= Jean Nicolaï =

French Dominican theologian (1594–1673)

Jean Nicolaï (1594 at Mouzay in the Diocese of Verdun, France - 7 May 1673 at Paris) was a French Dominican theologian and controversialist.

==Life==

Entering the order at the age of twelve, he made his religious profession in 1612, studied philosophy and theology in the convent of St. James at Paris. and in 1632 obtained his doctorate in theology at the Sorbonne. Nicolaï taught in various houses of the Dominican order, and became the regent of the Paris Dominicans. Besides Latin and Greek he was conversant with Italian, Spanish, and Hebrew.

He was a member of the commission appointed to examine the works and teachings of the Jansenists and to prevent the further dissemination of their doctrine in the Sorbonne. In the disputes on grace between the Thomists and Molinists, which the teaching of Jansenius revived, he adhered strictly to the Thomistic doctrine.

He was esteemed at the royal court and received a pension of 600 francs. He was buried in the chapel of the convent of St. James in Paris, and a marble stone beside the grave bears a long inscription recounting his virtues, his learning, and his services to his country.

==Works==

His numerous works fall into three classes.

=== Editor ===
Nicolaï edited a number of works by older theologians, adding commentaries and explanatory notes. These included:
- Raineri de Pisis [1351] ord. Fr. Praed. Pantheologia sive universa theologia ordine alphabetico per varios titulos distributa (Lyons, 1670): to each of the three volumes of this work he added a dissertation against the Jansenists
- S. Thomae Aq. Expositio continua super quatuor evangelistas (Lyons, 1670)
- S. Thomae Aq. commentaria in quatuor libros sententiarum P. Lombardi (Lyons, 1659)
- Commentarius posterior super libros sententiarum (Lyons, 1660)
- S. Thomae Aq. quaestiones quodlibetales (Lyons, 1660)
- S. Thomae Aq. Summa theologica innumeris Patrum, Conciliorum, scripturarum ac decretorum testimoniis ad materias controversas vel ad moralem disciplinam pertinentibus. . . illustrata (Lyons, 1663)
- S. Thomae Aq. explanatio in omnes d. Pauli Ap. epistolas commentaria (Lyons, 1689)

=== Theological ===
Nicolaï also wrote a number of original theological works. These included:
- Judicium seu censorium suffragium de propositione Ant. Arnaldi sorbonici doctoris et socii ad quaestionem juris pertinente (Paris, 1656)
- Theses theologicae de gratia seu theses molinisticae thomisticis notis expunctae (Paris, 1656)
- Apologia naturae et gratiae (Bordeaux, 1665)

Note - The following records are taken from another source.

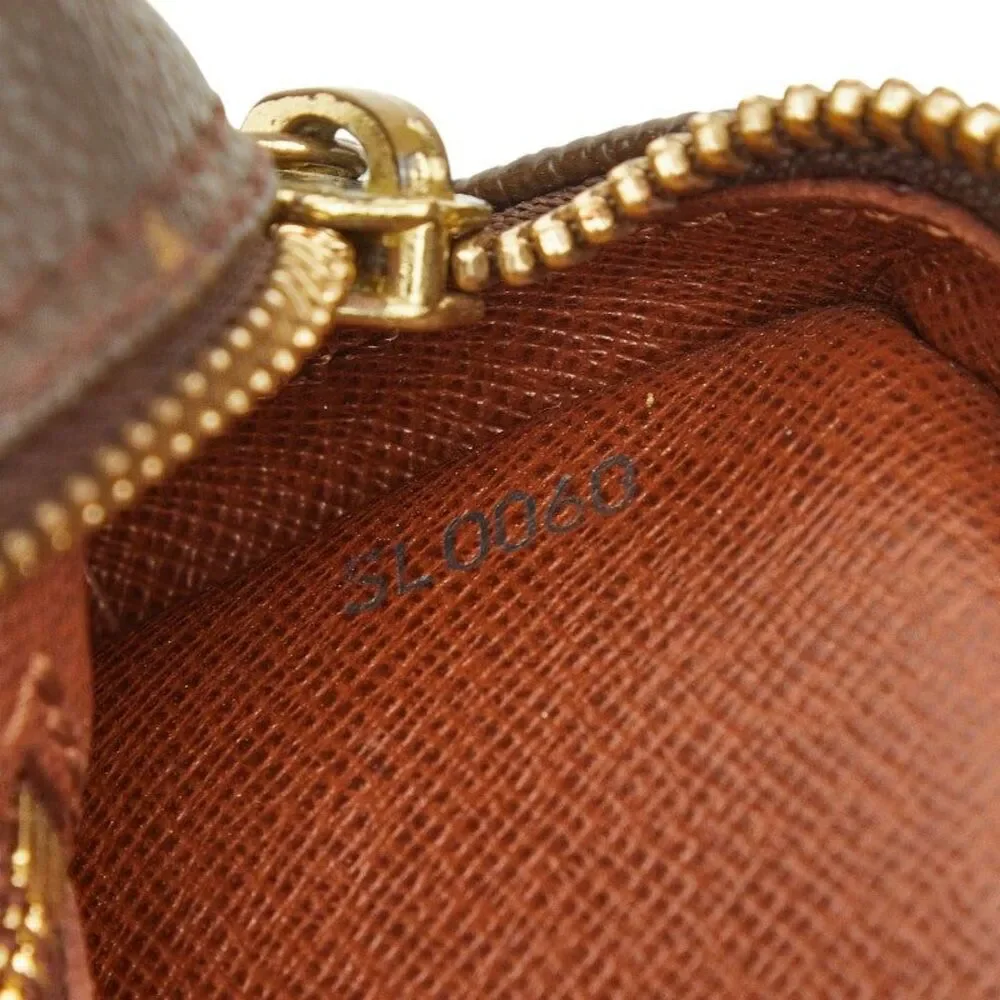 Louis Vuitton Marly Dragonne GM Clutch M51825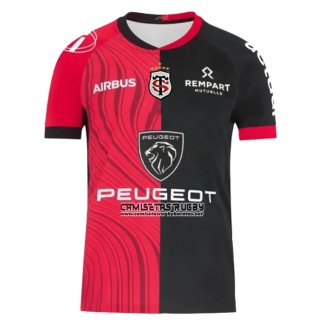 Camiseta Stade Toulousain Rugby 2024 Local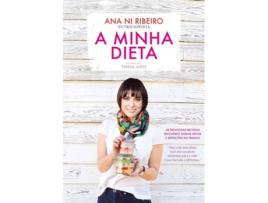 Livro A Minha Dieta de Ana Ni Ribeiro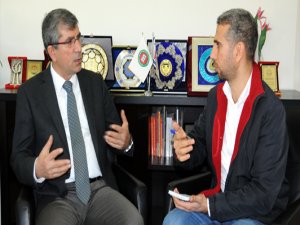 Önce insanlar şimdi davalar göç ediyor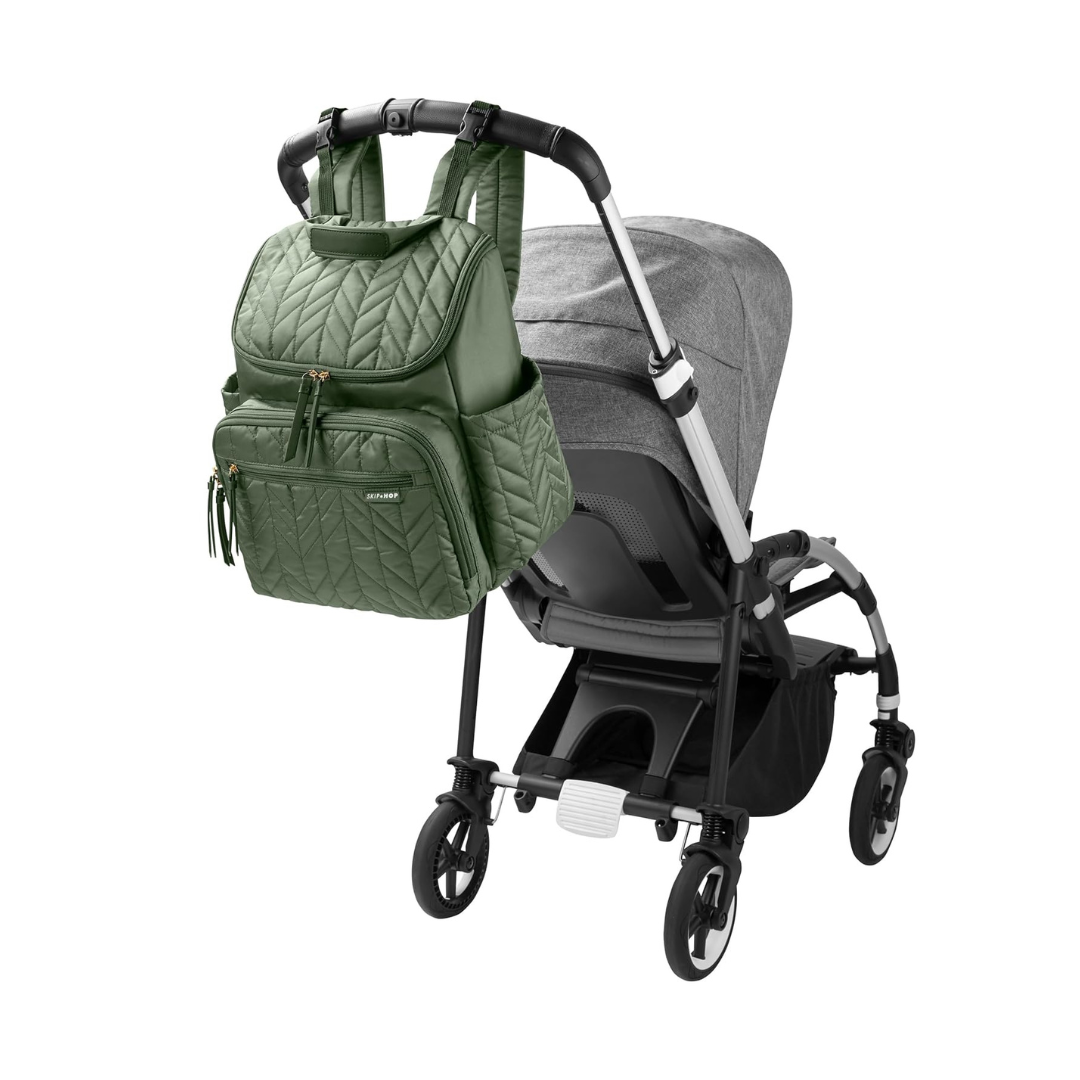Skip Hop Diaper Bag Backpack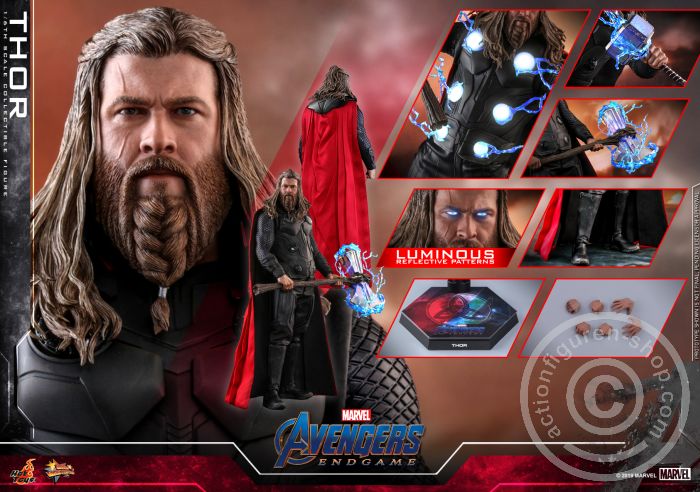 Avengers Endgame - Thor - MMS557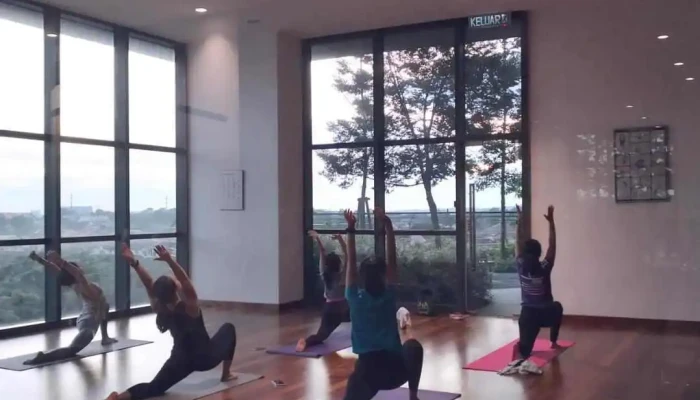 Yoga At Tropicana Avenue -  Studio Yoga - Petaling Jaya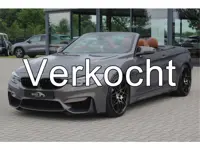 BMW M4 Competition Cabrio AIRSCARF HUD INDIVIDUAL 77370KM!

Against Launoy, the champion of the "Gallican Liberties", he wrote:

- De jejunii christiani et christianiae abstinentiae vero ac legitimo ritu (Paris, 1667)
- De Concilio plenario, quod contra Donatistas baptismi quaestionem ex Augustini sensu definivit (Paris, 1667)
- De plenarii Concilii et baptismatis hereticorum assertione dissertatio posterior anteriorem firmans (Paris, 1668)
- De baptismi antiquo usu ab Ecclesia instituto, dissertatio (Paris, 1668)
- De Constantini baptismo, ubi, quando et a quibus fuerit celebratus historica dissertatio (Paris, 1680)

=== Poetical and political ===
The purpose of Nicolaï's poetical and political writings seems to have been to extol the dignity and glory of France and her kings. He delivered in Rome in 1628 a panegyric in honour of the victory of Louis XIII at La Rochelle and in 1661 composed a poem in honour of the son of Louis XIV.